Remember that we need to prove that for a valid key pair and signature, v is equal to r.
r = g^k mod p mod q v = g^u1 * y^u2 mod p mod q
We can start by expanding k:
w = invmod(s, q) = 1/s mod q k = H/s mod q + xr/s mod q = (Hw + xrw) mod q
Then we expand g^k
g^k = g^Hw * g^xrw mod q
y = g^x mod q we derive:
g^k = g^Hw ^ y^rw mod q = g^u1 * y^u2
which proves our point. It follows that if the keypair is not valid, or the signature is tampered with, the verification will not work.
Vulnerability 1: guessing k
If k is predictable or can be guessed easily with an exhaustive search, the private key can be recovered. Remember that when signing the message we computed
s = 1/k (H + x*r) mod q. From this you can derive:
x * r = ((s * k) - H) mod q
and therefore the private key by dividing by x. For Challenge 43, an unknown value of k between 0 and 2^16 is recoverable in a few seconds on a standard machine:
def BreakDSA(p, g, q, r, s): publicKey = Y # given in the challenge text # The message that was signed. H = dsa.HashMessage(b'For those that envy a MC it can be hazardous to your health\n' b'So be friendly, a matter of life and death, just like a etch-a-sketch\n') k = 0 brokenKey = None for k in range(1, 2 ** 16 + 1): top = (s * k) - H bottom = invmod(r, q) privateKey = (top * bottom) % q # This follows from the generation of the key pair. testPub = dsa.modexp(g, privateKey, p) if testPub == publicKey: brokenKey = privateKey break
Vulnerability 2: repeating k
Even if your k is very secure, you should never use it to sign two different messages. If an attacker knows of two messages signed with the same k, the value of k itself can be recovered. You start from
s1 = 1/k (H1 + x*r) mod q s2 = 1/k (H2 + x*r) mod q
Note that when k is the same for both signatures, also r is the same; this follows from the definition. Only s changes. You can combine the two parts:
s1 - s2 = 1/k (H1 + x*r) mod q - 1/k (H2 + x*r) mod q s1 - s2 = (1/k (H1 + x*r) - 1/k (H2 + x*r)) mod q s1 - s2 = 1/k (H1 - H2) mod q k = ((H1 - H2) / (s1 - s2)) mod q
As we know, we can then recover the private key x from k. Note that it is sometimes possible to get a negative k from this computation, which common DSA implementations do not accept. If that happens, you can simply invert the roles of the first and second messages in the computation, since it does not matter for the result.

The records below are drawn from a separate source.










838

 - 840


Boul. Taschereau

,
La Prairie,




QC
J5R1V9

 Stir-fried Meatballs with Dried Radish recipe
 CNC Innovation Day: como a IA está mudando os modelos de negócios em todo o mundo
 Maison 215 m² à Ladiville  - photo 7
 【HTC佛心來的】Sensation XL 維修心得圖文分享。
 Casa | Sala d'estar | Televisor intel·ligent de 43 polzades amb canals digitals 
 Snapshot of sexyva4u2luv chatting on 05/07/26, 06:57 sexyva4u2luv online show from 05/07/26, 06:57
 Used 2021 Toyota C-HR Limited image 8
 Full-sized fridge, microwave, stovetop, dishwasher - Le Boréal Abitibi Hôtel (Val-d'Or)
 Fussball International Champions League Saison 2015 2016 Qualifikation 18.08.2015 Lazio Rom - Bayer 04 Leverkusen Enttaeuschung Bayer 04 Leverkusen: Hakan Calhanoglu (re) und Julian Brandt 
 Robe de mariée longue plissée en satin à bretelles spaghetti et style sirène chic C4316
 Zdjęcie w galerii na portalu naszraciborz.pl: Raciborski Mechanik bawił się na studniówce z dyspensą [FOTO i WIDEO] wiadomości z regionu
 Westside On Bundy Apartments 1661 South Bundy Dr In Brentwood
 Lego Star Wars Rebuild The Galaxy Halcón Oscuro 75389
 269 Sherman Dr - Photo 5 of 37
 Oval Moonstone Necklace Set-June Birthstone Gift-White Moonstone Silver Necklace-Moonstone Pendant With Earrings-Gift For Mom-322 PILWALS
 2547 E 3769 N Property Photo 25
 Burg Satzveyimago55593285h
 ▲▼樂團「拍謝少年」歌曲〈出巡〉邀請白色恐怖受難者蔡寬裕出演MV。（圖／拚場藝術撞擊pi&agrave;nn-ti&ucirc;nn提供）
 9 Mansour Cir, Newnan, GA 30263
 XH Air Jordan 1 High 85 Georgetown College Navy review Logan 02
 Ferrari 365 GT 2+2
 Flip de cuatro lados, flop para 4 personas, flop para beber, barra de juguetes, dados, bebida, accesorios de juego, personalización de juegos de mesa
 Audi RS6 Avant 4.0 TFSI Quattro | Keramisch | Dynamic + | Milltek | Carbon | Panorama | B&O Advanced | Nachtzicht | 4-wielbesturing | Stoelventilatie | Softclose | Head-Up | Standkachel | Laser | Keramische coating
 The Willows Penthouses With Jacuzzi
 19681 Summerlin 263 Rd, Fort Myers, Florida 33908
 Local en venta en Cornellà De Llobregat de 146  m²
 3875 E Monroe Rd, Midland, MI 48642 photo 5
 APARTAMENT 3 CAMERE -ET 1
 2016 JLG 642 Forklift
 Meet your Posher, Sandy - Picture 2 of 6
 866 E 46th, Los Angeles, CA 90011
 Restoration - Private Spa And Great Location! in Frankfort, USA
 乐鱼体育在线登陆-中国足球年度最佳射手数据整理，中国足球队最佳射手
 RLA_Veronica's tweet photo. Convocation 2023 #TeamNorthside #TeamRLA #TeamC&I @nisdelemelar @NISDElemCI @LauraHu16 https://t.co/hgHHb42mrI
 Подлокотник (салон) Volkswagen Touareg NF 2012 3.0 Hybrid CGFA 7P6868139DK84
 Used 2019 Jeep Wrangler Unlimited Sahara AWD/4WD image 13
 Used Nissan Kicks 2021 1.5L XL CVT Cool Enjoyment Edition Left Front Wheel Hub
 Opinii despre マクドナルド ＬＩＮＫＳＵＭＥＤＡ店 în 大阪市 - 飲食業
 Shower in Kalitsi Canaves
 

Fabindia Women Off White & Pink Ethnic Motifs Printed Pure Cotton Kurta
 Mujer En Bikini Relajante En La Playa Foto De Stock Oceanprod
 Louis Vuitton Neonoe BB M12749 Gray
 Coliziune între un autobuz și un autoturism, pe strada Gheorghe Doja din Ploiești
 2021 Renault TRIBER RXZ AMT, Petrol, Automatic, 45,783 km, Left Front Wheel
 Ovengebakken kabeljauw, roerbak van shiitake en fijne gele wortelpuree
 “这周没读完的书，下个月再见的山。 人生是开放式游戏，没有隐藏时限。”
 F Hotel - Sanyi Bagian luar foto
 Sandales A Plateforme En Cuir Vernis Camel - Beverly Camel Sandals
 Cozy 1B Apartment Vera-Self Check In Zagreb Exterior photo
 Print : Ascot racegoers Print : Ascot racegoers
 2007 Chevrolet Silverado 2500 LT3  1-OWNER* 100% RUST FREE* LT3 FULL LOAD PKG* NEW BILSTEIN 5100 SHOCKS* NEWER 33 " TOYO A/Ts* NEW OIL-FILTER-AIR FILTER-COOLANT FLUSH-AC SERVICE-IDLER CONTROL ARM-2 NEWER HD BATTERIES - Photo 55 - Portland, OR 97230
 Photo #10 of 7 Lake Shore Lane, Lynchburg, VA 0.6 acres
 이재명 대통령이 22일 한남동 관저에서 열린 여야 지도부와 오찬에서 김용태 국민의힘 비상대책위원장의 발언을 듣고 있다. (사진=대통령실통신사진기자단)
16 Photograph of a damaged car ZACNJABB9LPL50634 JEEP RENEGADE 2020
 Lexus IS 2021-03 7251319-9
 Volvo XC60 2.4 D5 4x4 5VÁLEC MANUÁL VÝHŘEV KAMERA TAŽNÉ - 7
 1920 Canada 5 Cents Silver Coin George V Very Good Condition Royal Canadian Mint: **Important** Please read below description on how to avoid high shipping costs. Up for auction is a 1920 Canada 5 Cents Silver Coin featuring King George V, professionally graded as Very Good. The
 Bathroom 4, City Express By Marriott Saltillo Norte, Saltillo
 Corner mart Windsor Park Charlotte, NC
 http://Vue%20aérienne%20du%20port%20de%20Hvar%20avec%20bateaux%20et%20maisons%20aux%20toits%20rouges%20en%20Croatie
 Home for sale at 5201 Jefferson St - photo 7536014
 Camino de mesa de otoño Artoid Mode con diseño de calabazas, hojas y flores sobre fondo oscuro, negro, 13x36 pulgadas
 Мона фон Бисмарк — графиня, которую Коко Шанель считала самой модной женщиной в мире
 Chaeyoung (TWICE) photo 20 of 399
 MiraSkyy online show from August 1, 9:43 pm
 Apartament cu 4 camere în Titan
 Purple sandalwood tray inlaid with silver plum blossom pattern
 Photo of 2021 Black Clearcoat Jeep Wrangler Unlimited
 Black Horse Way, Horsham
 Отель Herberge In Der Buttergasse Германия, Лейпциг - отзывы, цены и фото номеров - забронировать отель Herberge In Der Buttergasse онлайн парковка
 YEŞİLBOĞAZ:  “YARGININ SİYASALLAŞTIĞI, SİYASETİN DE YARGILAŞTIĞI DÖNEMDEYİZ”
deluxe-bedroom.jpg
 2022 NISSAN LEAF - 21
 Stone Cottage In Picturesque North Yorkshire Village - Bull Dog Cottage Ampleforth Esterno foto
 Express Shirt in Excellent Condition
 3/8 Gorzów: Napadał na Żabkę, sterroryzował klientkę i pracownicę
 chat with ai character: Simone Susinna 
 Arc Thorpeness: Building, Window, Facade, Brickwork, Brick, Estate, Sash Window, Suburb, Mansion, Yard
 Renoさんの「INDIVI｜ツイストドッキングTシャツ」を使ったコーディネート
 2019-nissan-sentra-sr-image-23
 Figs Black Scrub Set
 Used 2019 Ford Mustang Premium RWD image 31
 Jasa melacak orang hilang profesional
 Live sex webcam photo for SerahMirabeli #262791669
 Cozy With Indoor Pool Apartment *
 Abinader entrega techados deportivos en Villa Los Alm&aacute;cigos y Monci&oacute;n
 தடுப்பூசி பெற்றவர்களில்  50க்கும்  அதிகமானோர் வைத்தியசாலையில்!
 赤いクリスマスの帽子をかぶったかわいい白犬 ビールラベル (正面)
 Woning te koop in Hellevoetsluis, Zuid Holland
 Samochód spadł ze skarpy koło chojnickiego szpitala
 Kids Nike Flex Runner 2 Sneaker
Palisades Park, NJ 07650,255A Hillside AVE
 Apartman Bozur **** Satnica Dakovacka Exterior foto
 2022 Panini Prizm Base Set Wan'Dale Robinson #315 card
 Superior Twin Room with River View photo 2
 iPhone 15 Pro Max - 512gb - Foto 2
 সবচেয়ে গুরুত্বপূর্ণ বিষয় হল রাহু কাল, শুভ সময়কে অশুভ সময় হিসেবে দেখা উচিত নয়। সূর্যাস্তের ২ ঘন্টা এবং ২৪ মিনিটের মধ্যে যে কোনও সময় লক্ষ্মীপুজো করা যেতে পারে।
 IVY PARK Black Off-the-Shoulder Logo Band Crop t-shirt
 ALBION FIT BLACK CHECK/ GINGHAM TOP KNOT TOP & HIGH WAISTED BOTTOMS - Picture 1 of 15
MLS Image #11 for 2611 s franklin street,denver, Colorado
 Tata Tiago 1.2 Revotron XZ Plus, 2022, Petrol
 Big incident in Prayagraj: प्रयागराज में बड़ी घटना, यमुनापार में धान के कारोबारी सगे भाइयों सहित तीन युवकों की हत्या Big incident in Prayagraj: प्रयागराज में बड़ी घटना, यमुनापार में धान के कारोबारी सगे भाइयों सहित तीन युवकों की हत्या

Vulnerability 3: parameter tampering
The initial choice of parameters influences the security of the algorithm. An interesting case occurs when G is equal to P + 1. Let’s see what happens with the keypair and signature generation:
y = (p+1)^x mod p = 1 r = ((p+1)^x mod p) mod q = 1 mod q = 1
so y and r are always 1, no matter what the private key is; s is still good because it depends from other factors beside r. Now when I try to verify a random message:
v = ((p+1)^u1 * 1^u2) mod p = (p+1)^u1 mod p = 1
so v == r trivially, because they are both equal to 1 (I did not compute u1 and u2 since they are irrelevant). So the public key will verify any signature, no matter what.
ECDSA is a modification of the traditional DSA that uses elliptic curve cryptography. I have not reached that part yet, but I plan to do soon, and I will post about ECDSA to compare it with its traditional counterpart.